Innocent as Bahader was, he received his sentence of death with perfect resignation, and said not a word to justify himself. The judge escorted him to his house; and, while the gallows was preparing, sent a crier to publish throughout the city, that at noon the master of the horse was to be hanged for committing a murder.
Prince Amgrad, who had in vain expected Bahader's return, was in a terrible consternation when he heard the crier publish the approaching execution of the master of the horse. If, said he to himself, somebody must die for the death of such a wicked woman, it is I, and not Bahader; I will never let an innocent man be punished for the guilty: and, without deliberating any more, hastened to the place of execution, whither the people were running from all parts.
When Amgrad saw the judge bringing Bahader to the gibbet, he went up to him, and said, I am come to tell you, and to assure you, that the master of the horse, whom you are leading to execution, is wholly innocent of the lady's death: I am guilty of the crime, if it is one to have killed the most detestable of women, who would have murdered Bahader. So he told him the affair as it had happened.
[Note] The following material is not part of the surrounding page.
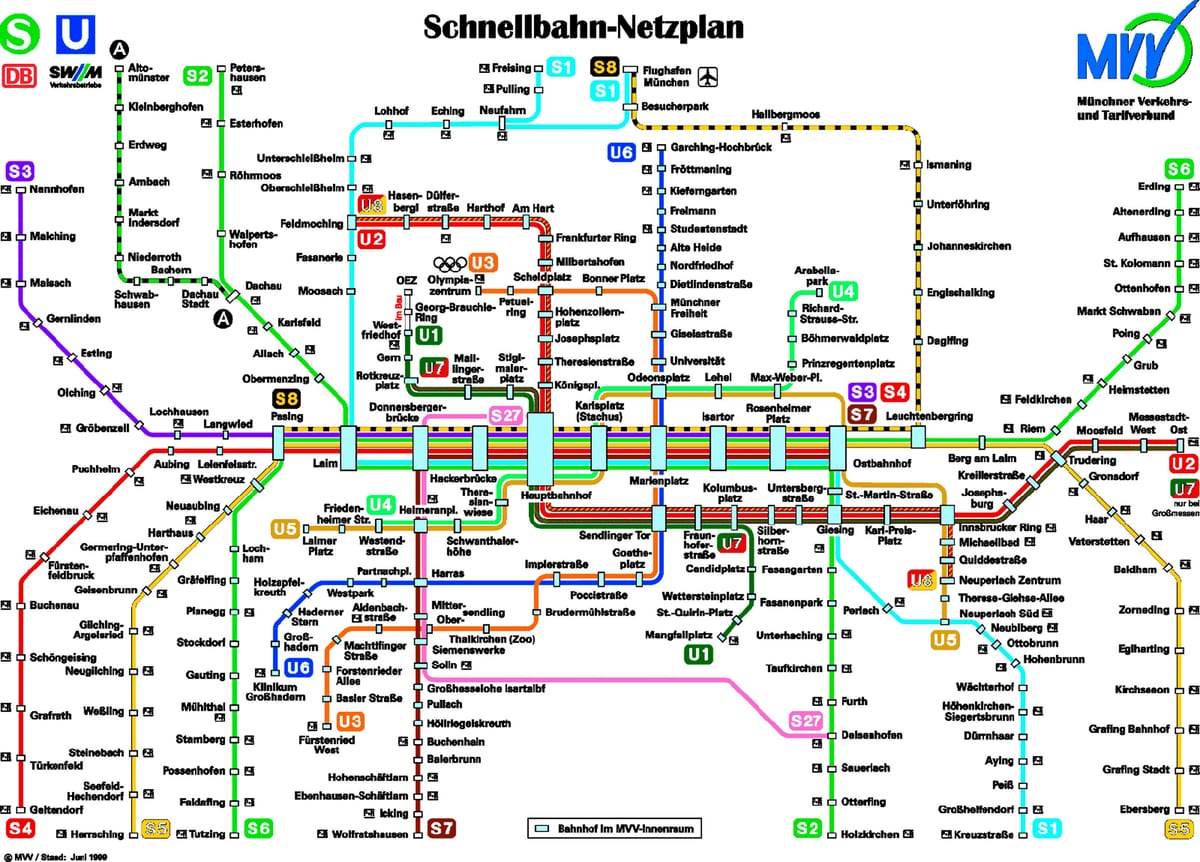 Χάρτης του μετρό munchen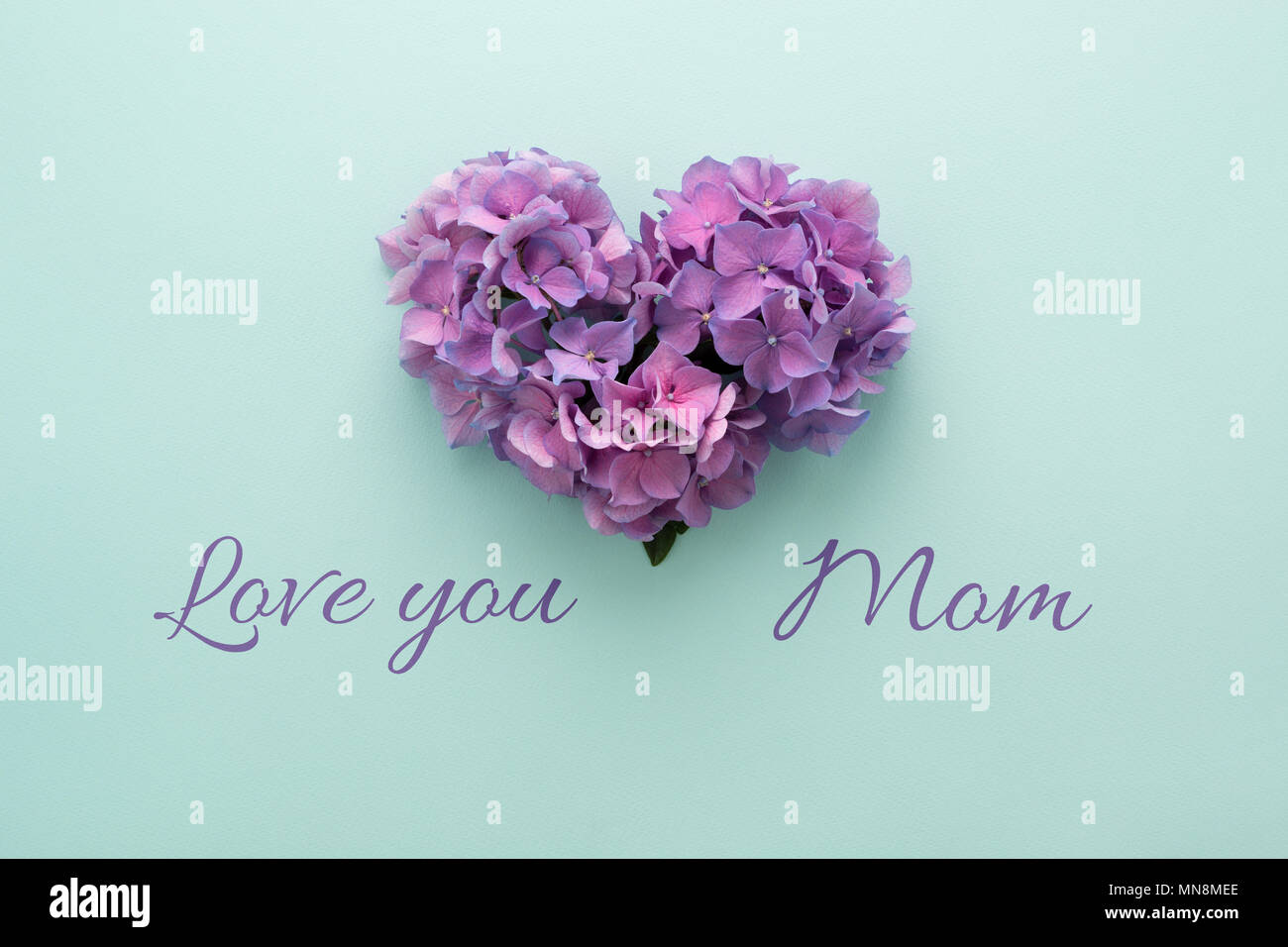 Testo ti amo mamma & forma di cuore fatta di fiori viola su sfondo blu. Felice Festa della Mamma biglietto di auguri. Lay piatto. Foto Stock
The prince having informed the judge how he met her coming out of the bath; how she was the cause of going into the master of the horse's house of pleasure, and what had passed till the moment in which he was forced to cut off her head to save Bahader's life; the judge ordered the execution to be stopped, and conducted Amgrad to the king, taking the master of the horse with them.
The king had a mind to hear the story from Amgrad himself; and the prince, the better to prove his own and the master of the horse's innocence, embraced that opportunity to discover his quality, with all the accidents that had befallen him and his brother Assad, before and after their departure from the capital city of the isle of Ehene to that time.
The prince having done speaking, the king said, I rejoice that I have by this means come to the knowledge of you. I not only give you your own and my master of the horse's life, whom I commend for his civility to you, but I restore him to his office: and as for you, prince, I declare you my grand vizier, to make amends for your father's unjust usage of you, though it is also excusable; and I permit you to employ all the authority I now give you to find out prince Assad.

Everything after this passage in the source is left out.